I struggled on the valley trail. It was hot and humid and my pace crashed whenever the trail tilted upwards even the slightest. I hiked some of it. As in 2015, I was passed by at least a dozen runners. I would love to figure out how to run the valley trails at faster than 9 minutes per mile, which would shave 5+ minutes off my time for next year.

I've been recording my runs on a Garmin Forerunner 35 since the beginning of the year. The data says that I ran the up and down parts of the race 5 minutes and 30 seconds faster than on a July 21 training run. Did I go too hard and leave nothing for the finish? The data says that I ran the final 2.2 miles ("Lory - East Valley Trail" segment on Strava) 40 seconds slower than on July 21. Let's say I lost another minute on the 2.5 miles between that segment and the end of the descent. That would be 1:40 lost on the flat, but 5:30 gained on the mountain. I think I made the right choice for this race. I haven't been running fast enough on that kind of rolling, slightly downhill, terrain to make up for time that I could have conceded on the climb or descent. For next year, I think I must to do a few more summer speed workouts and build more muscle if I'm going to improve on this year's result. Cooler weather would help, too. Roughly half of top finishers were 4-5 minutes slower than last year, and I heard other people acknowledge feeling the heat toward the finish.

The first male finisher was Nathan Austin in 1:38:30 and the first woman to finish was Rachael Rudel in 1:42:35 (8th overall). That's a new course record for women. All the results can be found at the event's web site: http://gnarrunners.com/black-squirrel-half/.

See you all next year!

Black squirrel training recap

The 2019 edition of the Black Squirrel Half is five days away. In 2015 I finished in 2:23:24. In 2018, 2:26:04. I'm aiming for a personal best in 2019 and am optimistic about it because I'm a better runner than in 2015 and in better shape. I'm lighter, I'm stronger. I've put in some solid miles during July and August, done more workouts than I did in the past summers. Unlike last summer, where I spent multiple weeks before the race on vacation at sea level, this year I have spent two weeks hiking and running at 8000 feet and higher.
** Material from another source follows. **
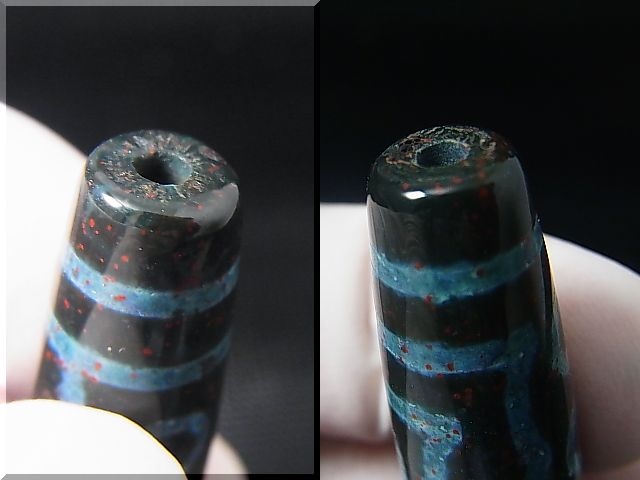 画像: 「七眼」現代天珠（ブラッドストーン仕様） 直径約13×59.5mm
Having turned 50, I'm in a new age group this year. I finished 30th in the group of 40-49 year-old men last year. The same time would have put me 8th in the 50-59 year male group. To finish in the top five this year I will probably have to finish in 2 hours and 10 minutes, 13 minutes faster than in 2015. That's a minute per mile faster, a big leap. However, I have increased my cadence, my speed on flat trails, my downhill confidence, and have been blowing up my previous best times on the climbs. If I get enough rest this week and summon enough determination on Saturday... we'll see. No matter what, I'm planning to have a good time, and enjoy hanging out with friends afterwards.